Because of their importance to aerospace system design, these areas are also appropriate for study in an undergraduate aeronautics/aeronautical engineering curriculum. In aeroelasticity, one finds that the loads depend on the deformation (i.e., aerodynamics) and that the deformation depends on the loads (i.e., structural mechanics/dynamics); thus, one has a coupled problem.

The purpose of this chapter is to convey to students a small introductory portion of the theory of structural dynamics. Much of the theory to which the students will be exposed in this treatment was developed by mathematicians during the time between Newton and Rayleigh. The grasp of this mathematical foundation is therefore a goal that is worthwhile in its own right. Moreover, as implied by the da Vinci quotation, a proper use of this foundation enables the advance of technology.

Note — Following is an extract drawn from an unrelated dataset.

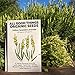 Yellow Spanish Lavender (Lavendula stoechas) Seeds (~80) by All Good Things Organic Seeds: Certified Organic, Non-GMO, Heirloom, Open Pollinated Seeds from the United States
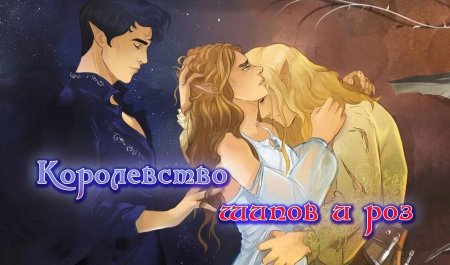 Королевство шипов и роз арты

Structural dynamics is a broad subject, encompassing determination of natural frequencies and mode shapes (i.e., the so-called free-vibration problem), response due to initial conditions, forced response in the time domain, and frequency response. In the following discussion, we deal with all except the last category. For response problems, if the loading is at least in part of aerodynamic origin, then the response is said to be aeroelastic. In general, the aerodynamic loading then will depend on the structural deformation, and the deformation will depend on the aerodynamic loading. Linear aeroelastic problems are considered in subsequent chapters, and linear structured dynamics problems are considered in the present chapter. Other important phenomena, such as limit-cycle oscillations of lifting surfaces, must be treated with sophisticated nonlinear-analysis methodology; however, they are beyond the scope of this text.

From First Edition

A senior-level undergraduate course entitled “Vibration and Flutter” was taught for many years at Georgia Tech under the quarter system. This course dealt with elementary topics involving the static and/or dynamic behavior of structural elements, both without and with the influence of a flowing fluid. The course did not discuss the static behavior of structures in the absence of fluid flow because this is typically considered in courses in structural mechanics. Thus, the course essentially dealt with the fields of structural dynamics (when fluid flow is not considered) and aeroelasticity (when it is).

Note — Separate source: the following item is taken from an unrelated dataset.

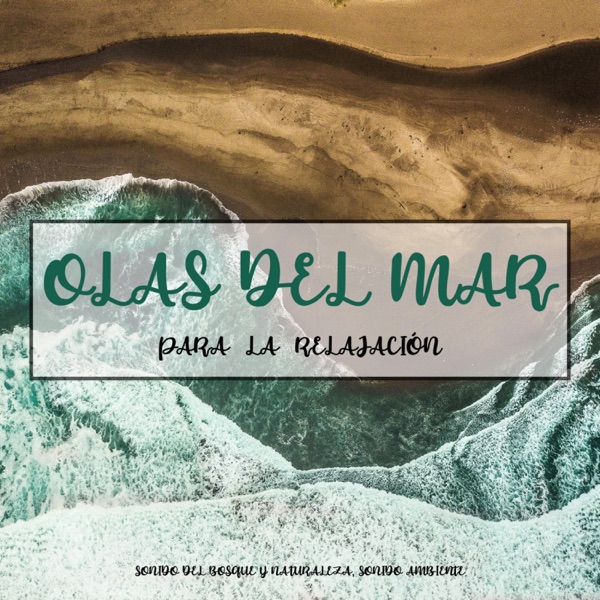 Olas del Mar para la Relajación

As the name suggests, structural dynamics is concerned with the vibration and dynamic response of structural elements. It can be regarded as a subset of aeroelasticity, the field of study concerned with interaction between the deformation of an elastic structure in an airstream and the resulting aerodynamic force. Aeroelastic phenomena can be observed on a daily basis in nature (e.g., the swaying of trees in the wind and the humming sound that Venetian blinds make in the wind). The most general aeroelastic phenomena include dynamics, but static aeroelastic phenomena are also important. The course was expanded to cover a full semester, and the course title was appropriately changed to “Introduction to Structural Dynamics and Aeroelasticity.”

Aeroelastic and structural-dynamic phenomena can result in dangerous static and dynamic deformations and instabilities and, thus, have important practical consequences in many areas of technology.